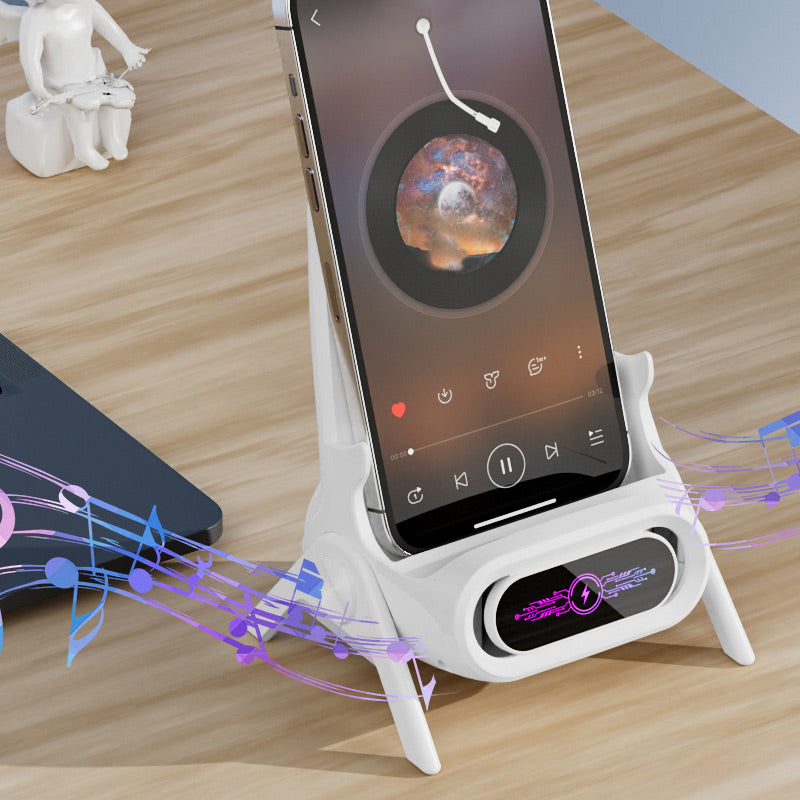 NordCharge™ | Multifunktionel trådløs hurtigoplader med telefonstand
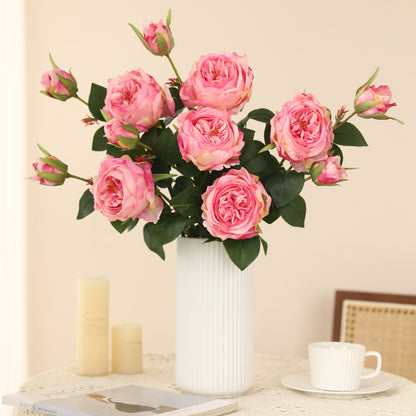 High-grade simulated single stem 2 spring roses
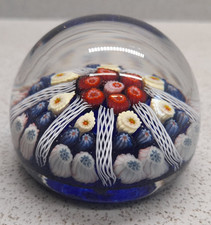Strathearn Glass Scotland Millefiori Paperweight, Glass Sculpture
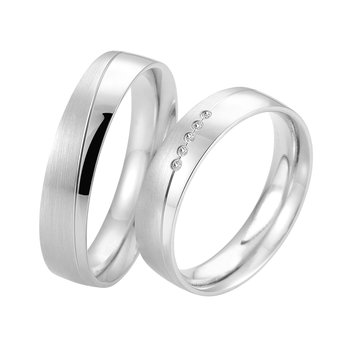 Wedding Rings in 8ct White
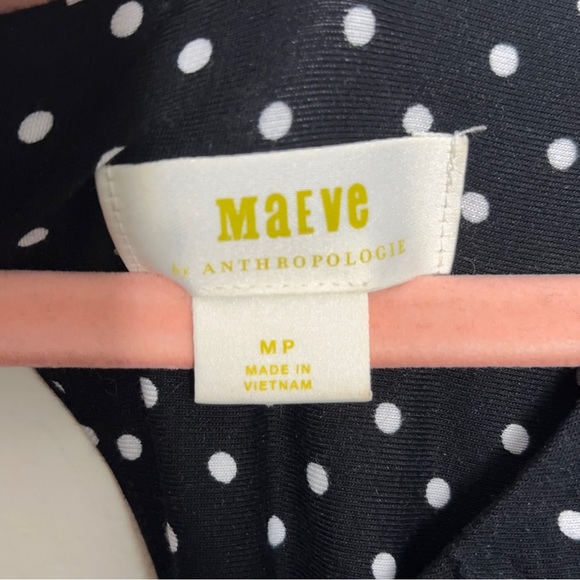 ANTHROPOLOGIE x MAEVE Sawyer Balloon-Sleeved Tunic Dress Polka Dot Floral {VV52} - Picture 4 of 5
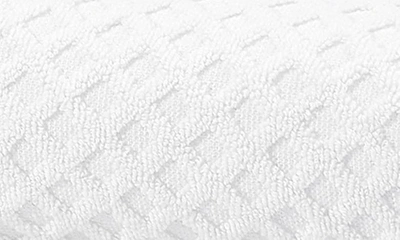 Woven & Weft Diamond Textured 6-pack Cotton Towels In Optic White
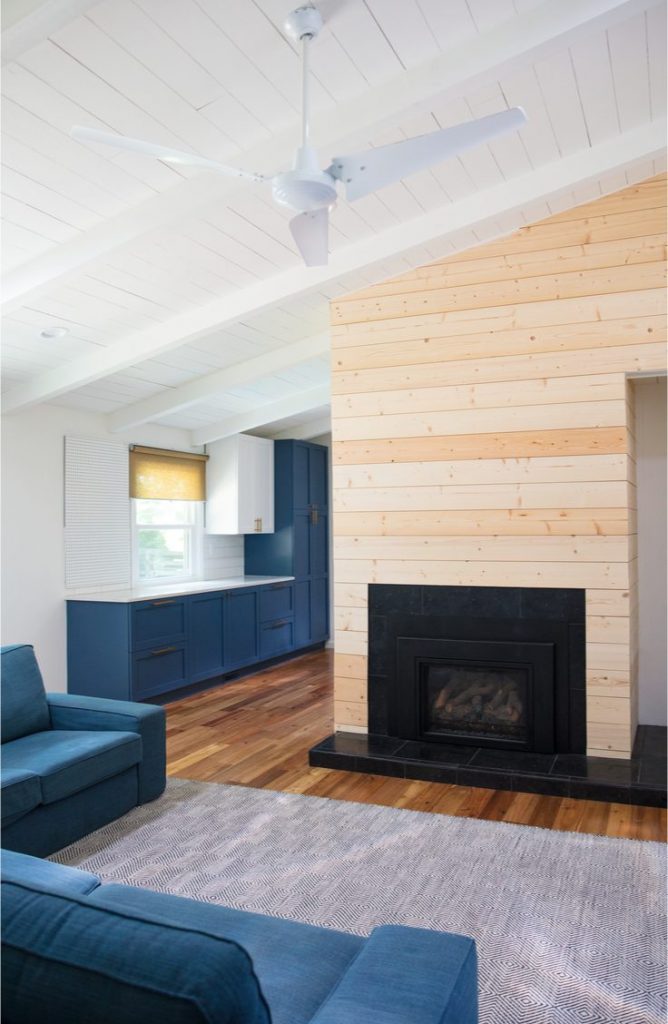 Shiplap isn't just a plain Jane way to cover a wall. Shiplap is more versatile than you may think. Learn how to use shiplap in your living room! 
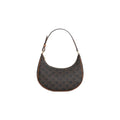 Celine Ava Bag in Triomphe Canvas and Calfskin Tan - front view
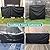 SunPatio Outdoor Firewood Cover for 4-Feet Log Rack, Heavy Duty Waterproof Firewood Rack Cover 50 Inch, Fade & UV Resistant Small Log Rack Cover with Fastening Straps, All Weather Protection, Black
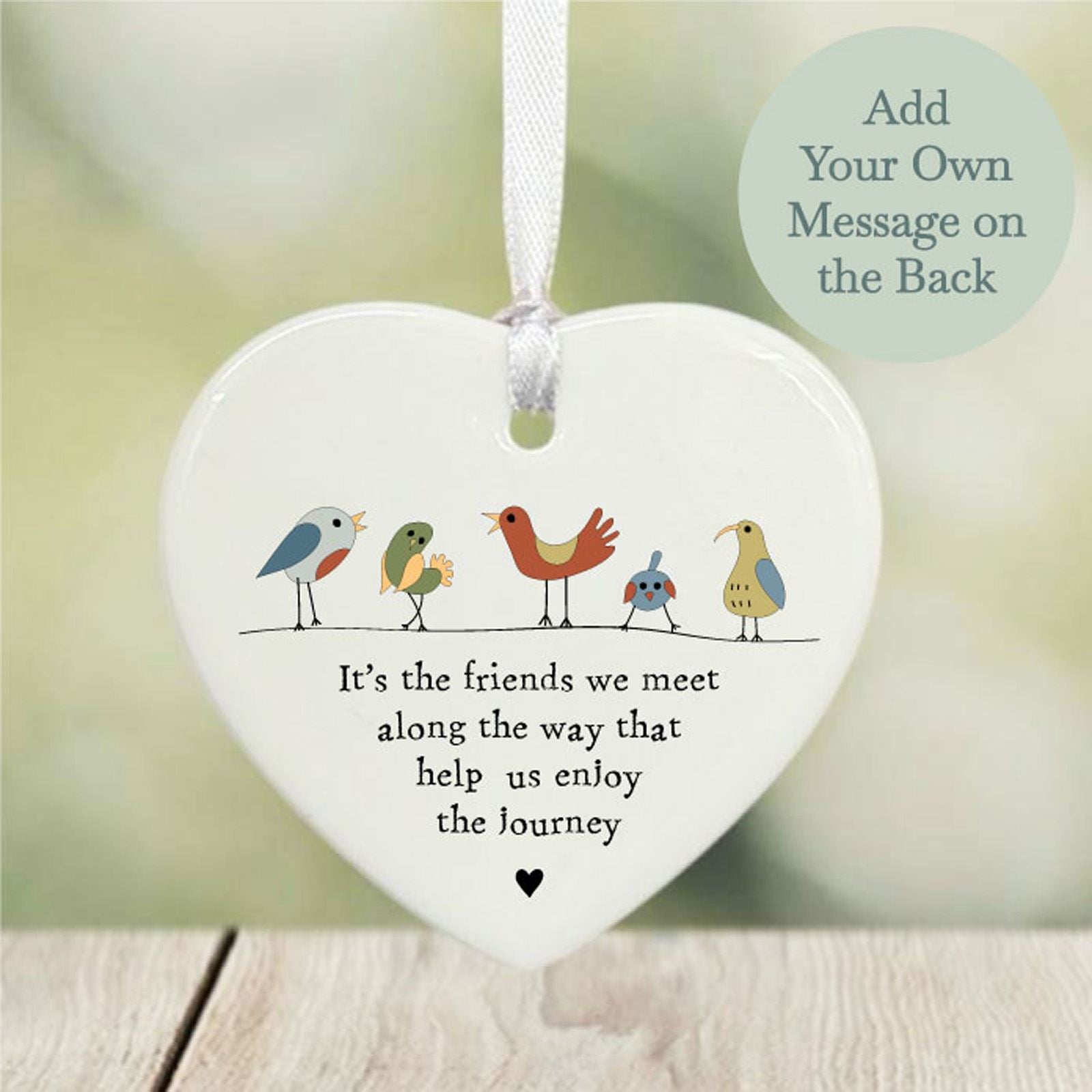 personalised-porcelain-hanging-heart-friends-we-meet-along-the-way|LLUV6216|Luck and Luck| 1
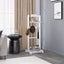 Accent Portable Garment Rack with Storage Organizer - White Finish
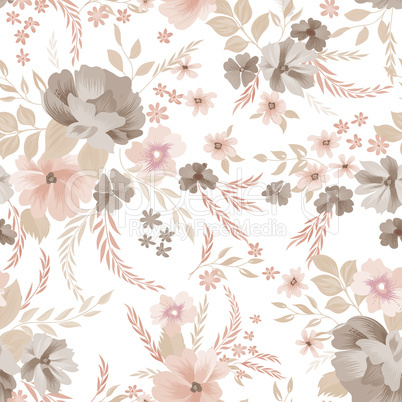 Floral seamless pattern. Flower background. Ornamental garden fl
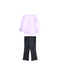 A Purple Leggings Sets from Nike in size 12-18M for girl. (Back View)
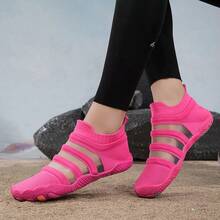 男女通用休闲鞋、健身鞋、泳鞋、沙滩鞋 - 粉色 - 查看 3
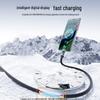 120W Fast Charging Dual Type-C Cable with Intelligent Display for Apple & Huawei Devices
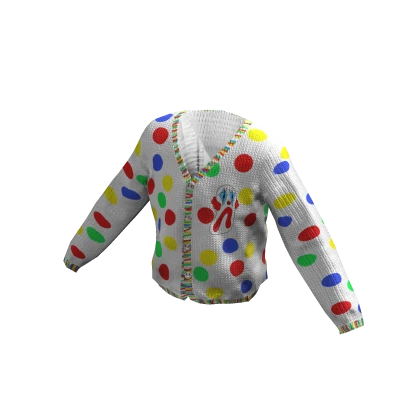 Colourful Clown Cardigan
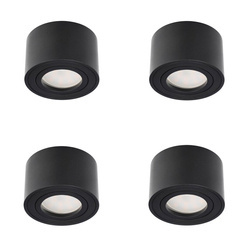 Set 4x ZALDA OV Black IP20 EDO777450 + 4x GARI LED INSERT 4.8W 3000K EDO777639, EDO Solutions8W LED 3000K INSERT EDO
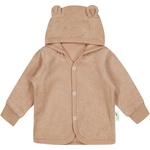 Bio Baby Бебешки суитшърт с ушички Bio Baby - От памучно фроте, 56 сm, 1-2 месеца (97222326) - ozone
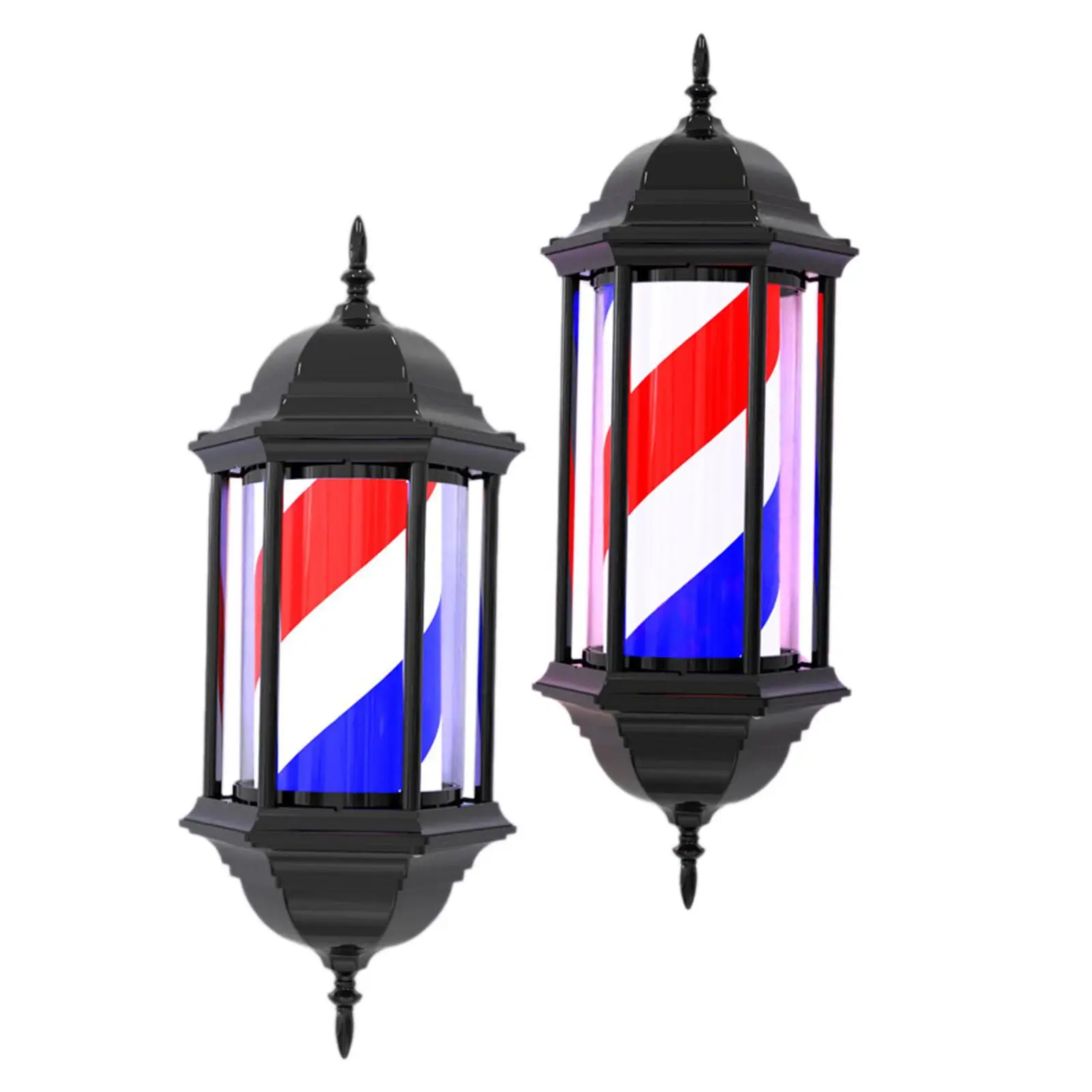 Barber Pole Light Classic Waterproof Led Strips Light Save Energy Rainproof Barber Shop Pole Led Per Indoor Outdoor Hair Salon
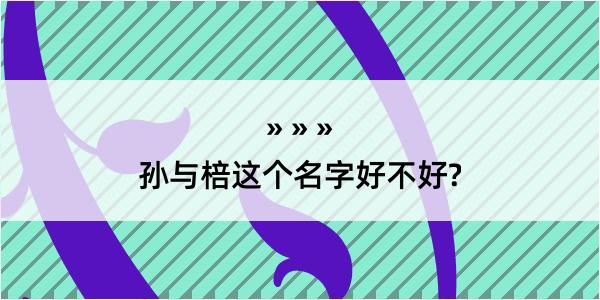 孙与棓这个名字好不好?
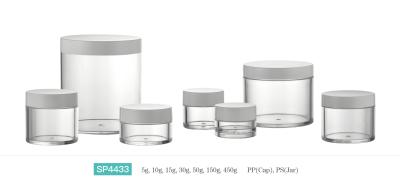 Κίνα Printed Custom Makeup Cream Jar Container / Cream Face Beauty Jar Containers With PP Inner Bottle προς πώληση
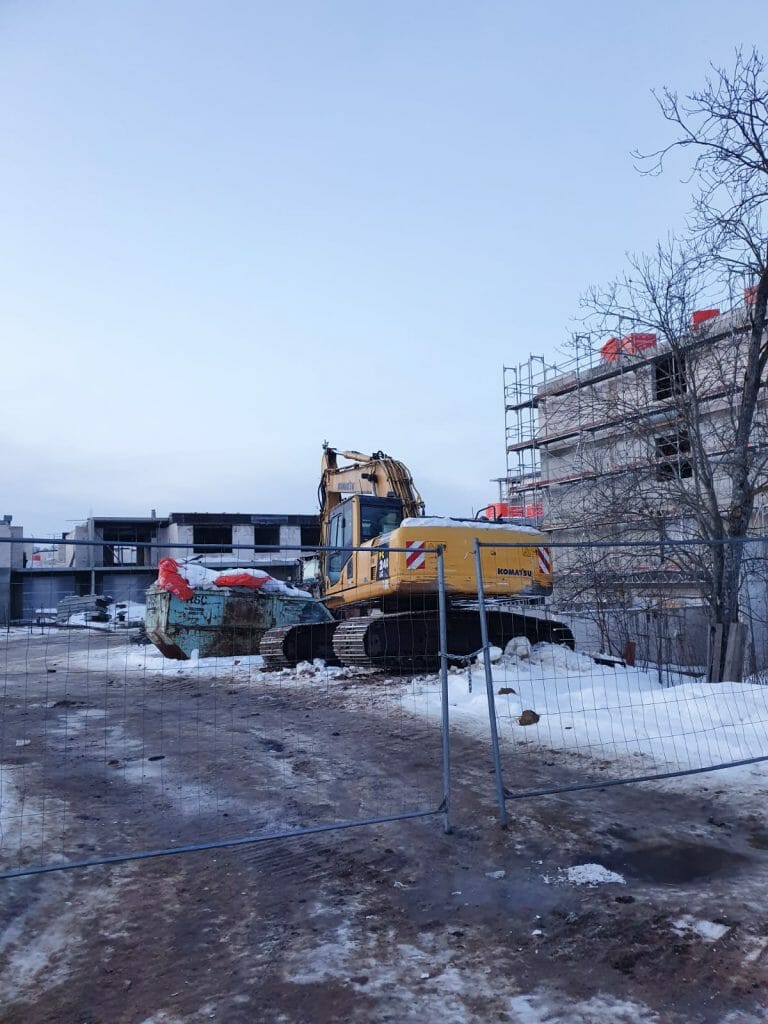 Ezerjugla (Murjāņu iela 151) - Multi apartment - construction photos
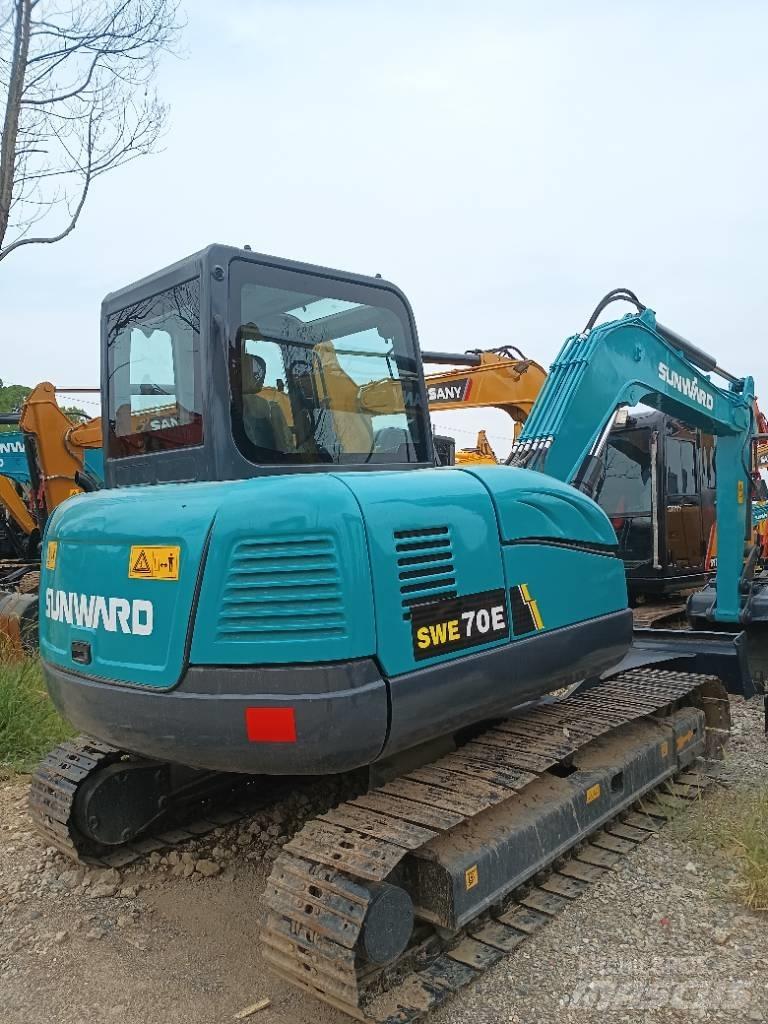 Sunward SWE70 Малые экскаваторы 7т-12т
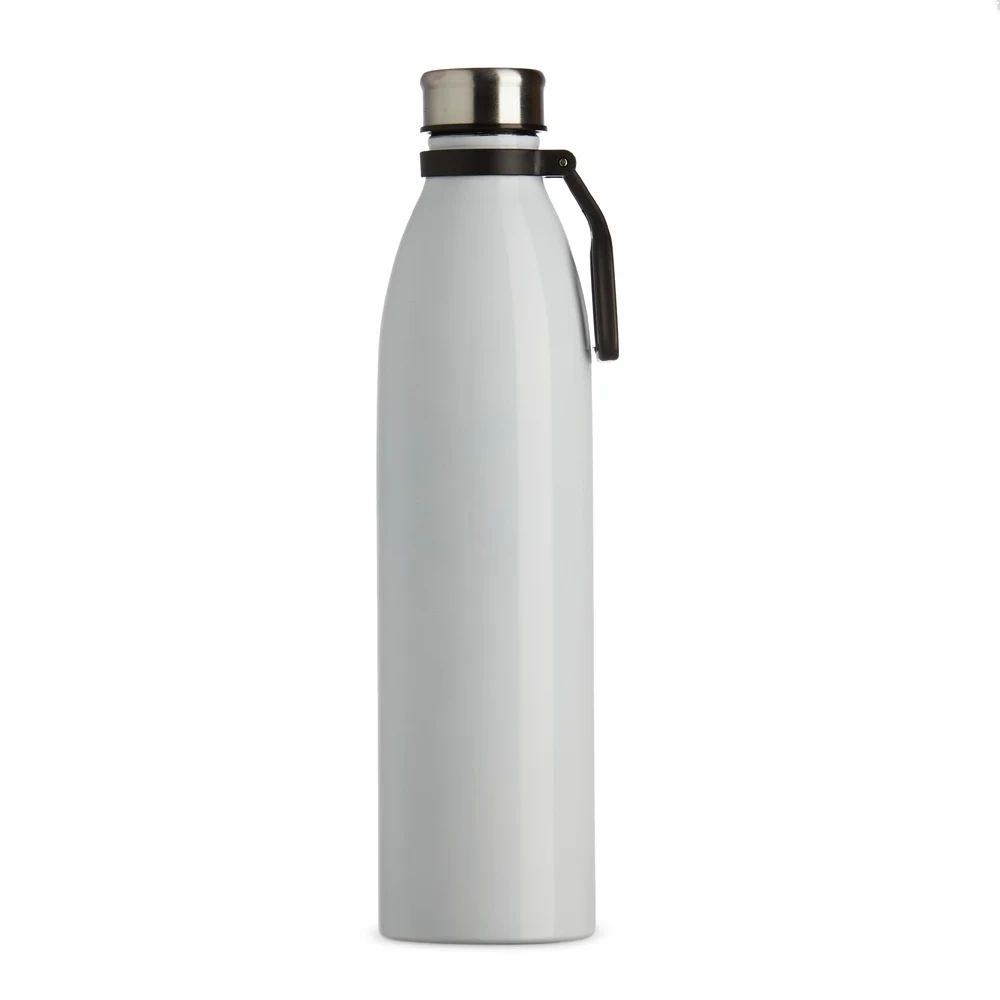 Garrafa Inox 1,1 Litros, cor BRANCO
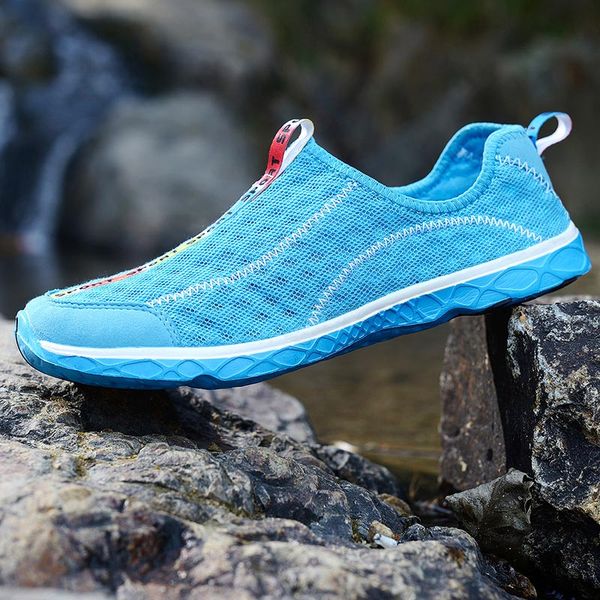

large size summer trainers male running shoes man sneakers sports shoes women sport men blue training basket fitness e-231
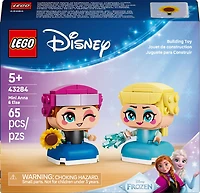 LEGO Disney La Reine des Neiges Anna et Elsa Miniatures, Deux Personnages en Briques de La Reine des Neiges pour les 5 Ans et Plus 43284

══════════════════════════════

DIRECTIONS FOR THIS TASK: Each line of the data must be transcribed exactly; pictures are not carried over.

RESPONSE BOX:
 NordCharge™ | Multifunktionel trådløs hurtigoplader med telefonstand
 High-grade simulated single stem 2 spring roses
Strathearn Glass Scotland Millefiori Paperweight, Glass Sculpture
 Wedding Rings in 8ct White
 ANTHROPOLOGIE x MAEVE Sawyer Balloon-Sleeved Tunic Dress Polka Dot Floral {VV52} - Picture 4 of 5
 Woven & Weft Diamond Textured 6-pack Cotton Towels In Optic White
 Shiplap isn't just a plain Jane way to cover a wall. Shiplap is more versatile than you may think. Learn how to use shiplap in your living room! 
 Celine Ava Bag in Triomphe Canvas and Calfskin Tan - front view
 SunPatio Outdoor Firewood Cover for 4-Feet Log Rack, Heavy Duty Waterproof Firewood Rack Cover 50 Inch, Fade & UV Resistant Small Log Rack Cover with Fastening Straps, All Weather Protection, Black
 personalised-porcelain-hanging-heart-friends-we-meet-along-the-way|LLUV6216|Luck and Luck| 1
 Accent Portable Garment Rack with Storage Organizer - White Finish
 Floral seamless pattern. Flower background. Ornamental garden fl
 A Purple Leggings Sets from Nike in size 12-18M for girl. (Back View)
 男女通用休闲鞋、健身鞋、泳鞋、沙滩鞋 - 粉色 - 查看 3
 120W Fast Charging Dual Type-C Cable with Intelligent Display for Apple & Huawei Devices
 Colourful Clown Cardigan
 Set 4x ZALDA OV Black IP20 EDO777450 + 4x GARI LED INSERT 4.8W 3000K EDO777639, EDO Solutions8W LED 3000K INSERT EDO
 Bio Baby Бебешки суитшърт с ушички Bio Baby - От памучно фроте, 56 сm, 1-2 месеца (97222326) - ozone
 Barber Pole Light Classic Waterproof Led Strips Light Save Energy Rainproof Barber Shop Pole Led Per Indoor Outdoor Hair Salon
 孙与棓这个名字好不好?
 Κίνα Printed Custom Makeup Cream Jar Container / Cream Face Beauty Jar Containers With PP Inner Bottle προς πώληση
 Ezerjugla (Murjāņu iela 151) - Multi apartment - construction photos
 Sunward SWE70 Малые экскаваторы 7т-12т
 Garrafa Inox 1,1 Litros, cor BRANCO

large size summer trainers male running shoes man sneakers sports shoes women sport men blue training basket fitness e-231
 LEGO Disney La Reine des Neiges Anna et Elsa Miniatures, Deux Personnages en Briques de La Reine des Neiges pour les 5 Ans et Plus 43284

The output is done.